Cervantes viria a cumprir, em apenas três anos, uma enormidade histórica. Em 1613, dois anos antes de publicar a segunda parte de Quixote, trouxera a lume o seu testamento literário, Novelas Exemplares. A estas obras absolutamente cimeiras da história literária haveria que acrescentar Os Trabalhos de Persiles e Segismunda (1617), publicada postumamente. O primeiro período, de 30 anos, revela-se, no entanto, determinante para estes derradeiros anos que lhe trariam a glória. À conta do seu comportamento em Argel, por exemplo, conquistou contratos para escrever comédias e o decisivo acordo com Francisco de Robles que previa a publicação de um livro de cavalarias, em 1605. Esse livro só poderia ser o Quixote.

O autor planeava já então um rol de formidável ambição. Tencionava meter a colher em todos os géneros: a novela, com Novelas Exemplares; o prestigioso género da novela bizantina, com Persiles; a poesia narrativa, projetada em Viagem de Parnaso, ou dramática com Comedias; e o teatro, o género que mais o obcecou, com Entremeses. Mas havia ainda outros projetos, entre os quais um poema épico que foi forçado a adiar por se deparar com um desses felizes acasos que provavelmente mudaram a História. É que em 1614, ecoando o excecional sucesso da primeira parte do Quixote, um tal Alonso Fernández de Avellaneda lançou uma versão não autorizada de uma segunda parte das aventuras do cavaleiro. Contra tal Quixote apócrifo, Cervantes lança-se na empresa de uma segunda parte, publicada em 1615.

Quando Quixote volta a ser Alonso

Avellaneda é visado no miolo da própria narrativa de Cervantes, e para pasmo e regozijo dos teóricos da literatura anda também por lá um outro livro que intervém diretamente na trama e converte Quixote e Sancho em estrelas ambíguas de um mundo de pernas para o ar. Cervantes comete a ousadia de fazer das personagens da segunda parte leitoras da primeira, revertendo subliminarmente toda a lógica em que a primeira parte se apoiara.

Desapossado do seu projeto cavaleiresco, derrotado pela ficção que a própria realidade, influenciada pela leitura do livro, engendrara, Dom Quixote tira a máscara e resta apenas o real árido de Alonso Quijano, aquele que, nutrido da leitura dos livros de cavalarias, sonhou um dia ser Dom Quixote. No leito da morte, a seu lado, um escudeiro que na primeira parte se movera um tanto incautamente por interesse material pede-lhe agora que não morra.

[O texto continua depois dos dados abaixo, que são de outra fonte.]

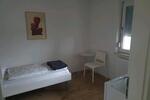 Erdgeschoßwohnung Rottenburg am Neckar - 20 Zimmer, 100 m&sup2;, 600&euro; | Angebot:25977705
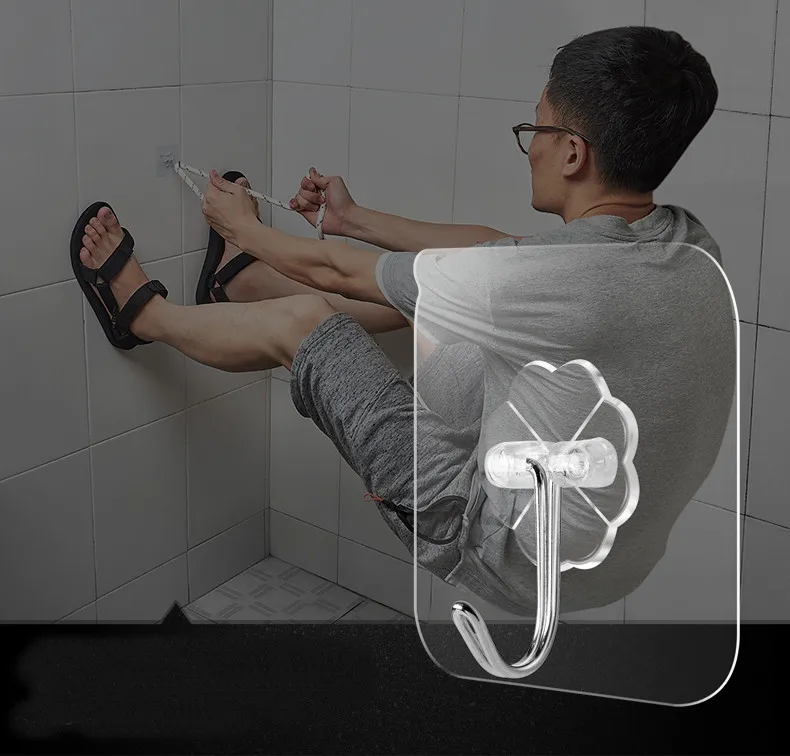 O1CN011b5edCSHVAp2whG_!!3228113414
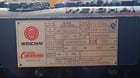 543 HP Weichai #WP13.550E62, diesel engine, 1900 RPM, never used - Image 3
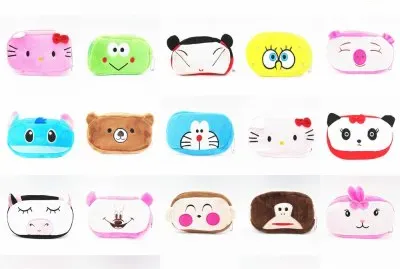 פאזל של BILSAS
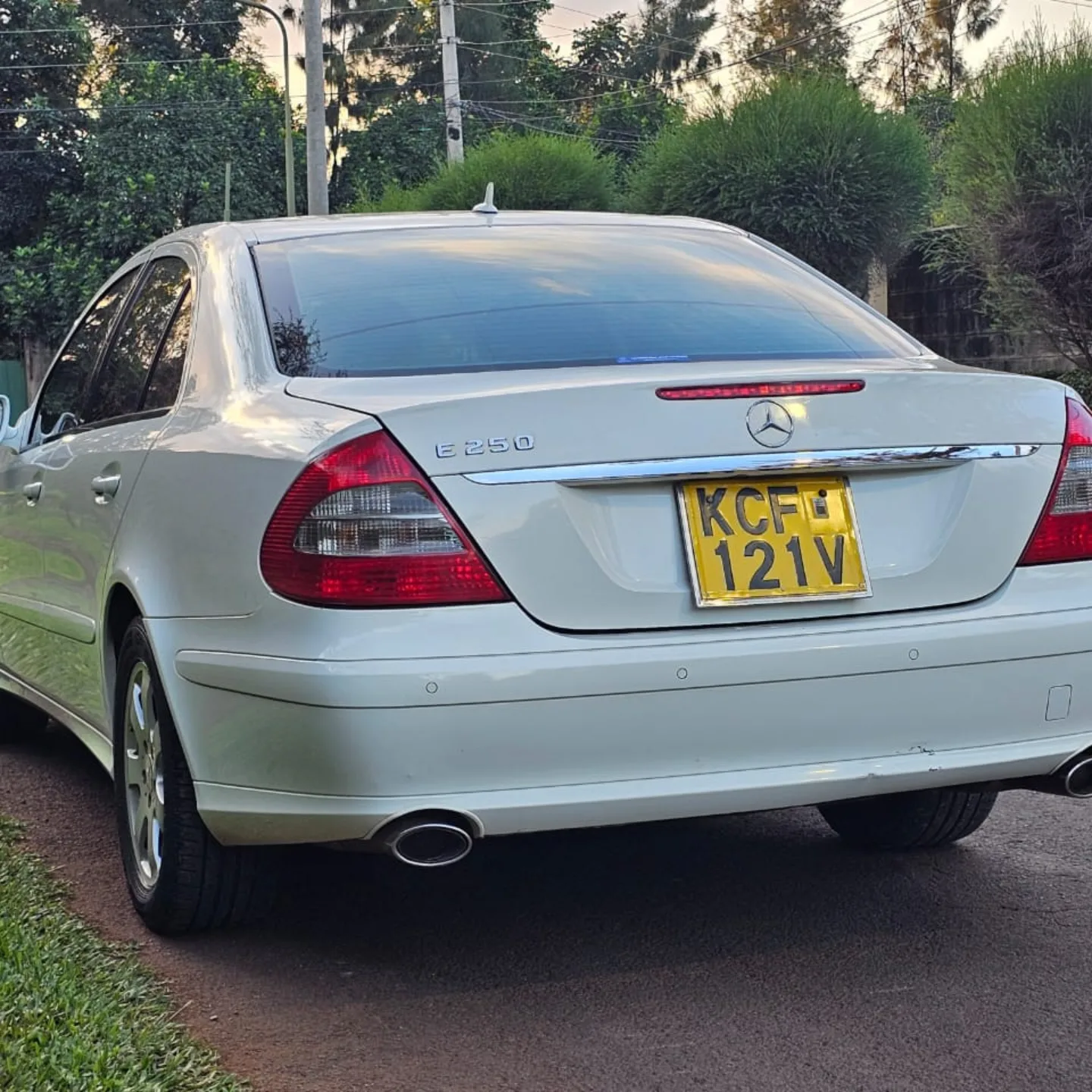 Mercedes Benz C200 🔥CLEAN You Pay 30% DEPOSIT Trade in OK EXCLUSIVE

E quando Alonso Quijano diz ser Alonso, e que Dom Quixote não fora senão invenção, é o pacato e maduro Sancho, que Kafka disse ter em Quixote o seu fantasma, que lhe exige ser ainda Dom Quixote e partir à aventura, cumprindo o seu destino.

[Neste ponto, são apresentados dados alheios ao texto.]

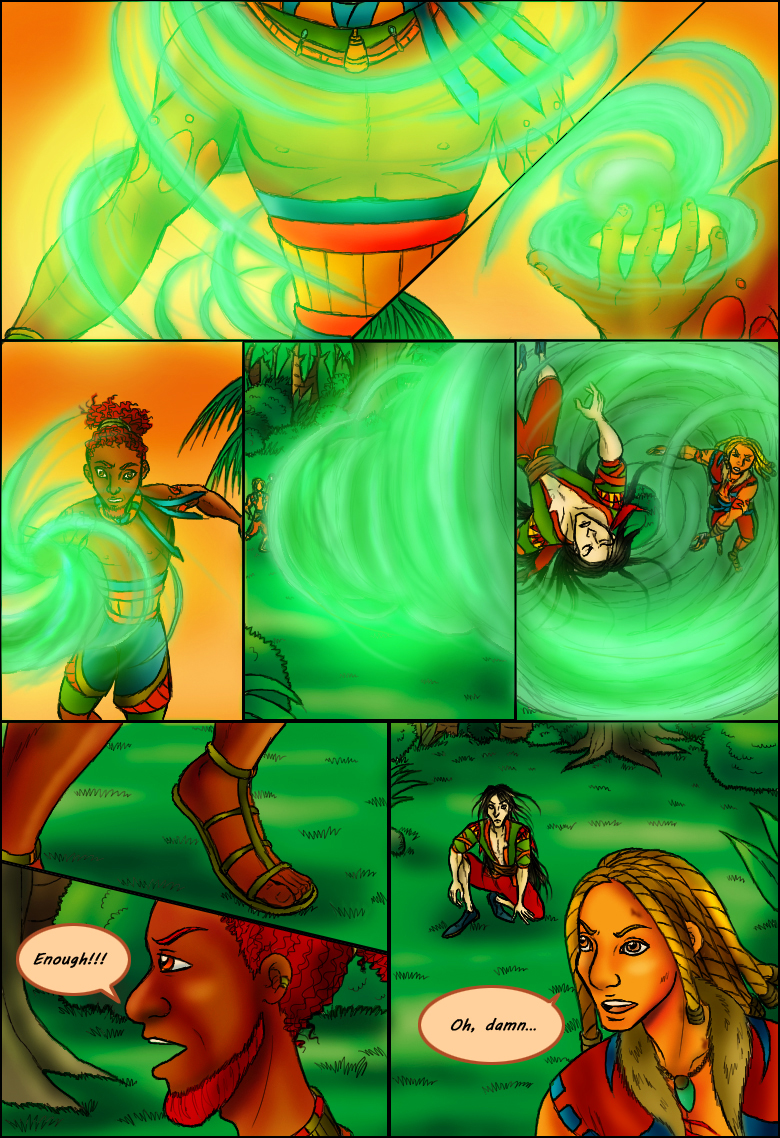 Page 149 – The Whirlwind Part 2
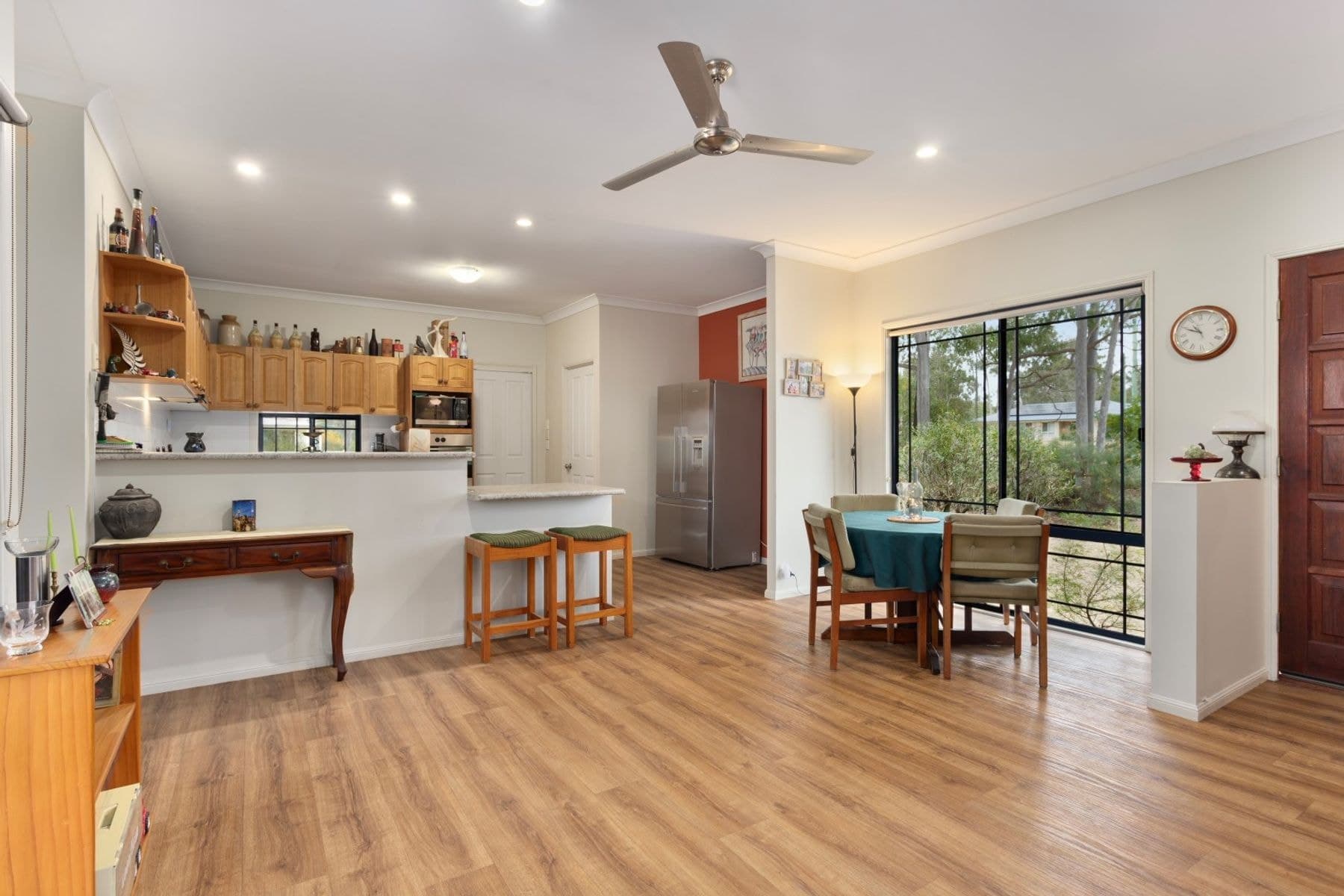 6 Coachwood Court, Brightview, QLD 4311, Brightview - Thumbnail 2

Todos os géneros num só romance

Este magnífico elogio da literatura sem qualquer programa estético, antes assente na humanidade palpável de Dom Quixote e Sancho Pança, triunfaria séculos a fio. Entendido à época como insólito e divertido livro de cavalarias, o Quixote viria a ser, a partir do século XVIII, interpretado como excecional sátira moral. Schelling encontrava na «luta do real com o ideal» o signo maior da obra cervantina.

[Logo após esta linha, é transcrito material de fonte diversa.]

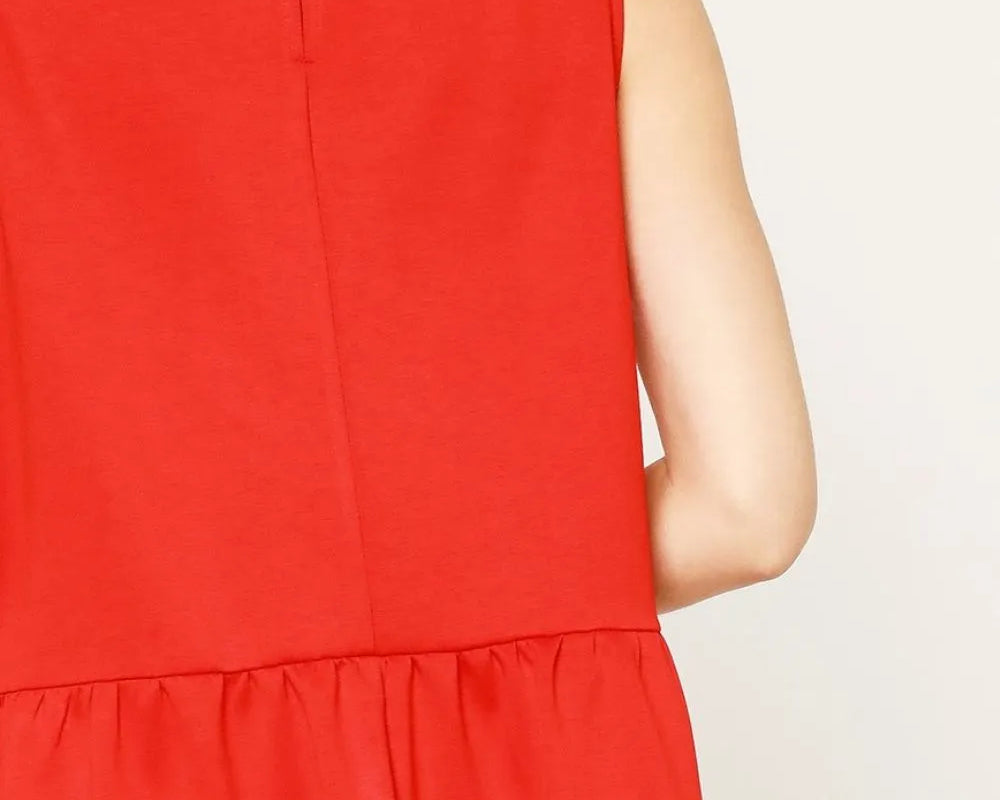 6197904a-31cc-4514-8bb0-db07af772b9a-Max-Origin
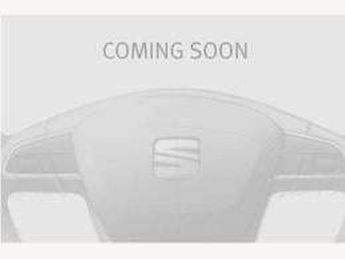 Cupra Formentor 1.5 TSI 150 V1 5dr DSG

A obra-prima de Cervantes abria então diretamente a porta da nossa modernidade, que foi sempre a sua, e fê-lo associando o mundo inverosímil, com uma dose de fantástico e sobrenatural, e episódios realistas, tão cheios de sinais dos dias comuns. Fê-lo ainda simulando inspiração real em factos que eram afinal inventados pelo próprio autor. Cervantes deu à luz o romance moderno como forma total, reunindo nele todos os géneros do seu tempo e, em rigor, de todos os tempos, da oratória à épica, do conto ao teatro e à poesia, acumulando registos populares e eruditos, arcaísmos e neologismos, estratégias novecentistas como a metaficção ou a mise en abyme. Já se vê por que não é talvez excessivo afirmar, como Francisco Rico, que com o Quixote Cervantes inventou não apenas o romance, mas toda a história do romance.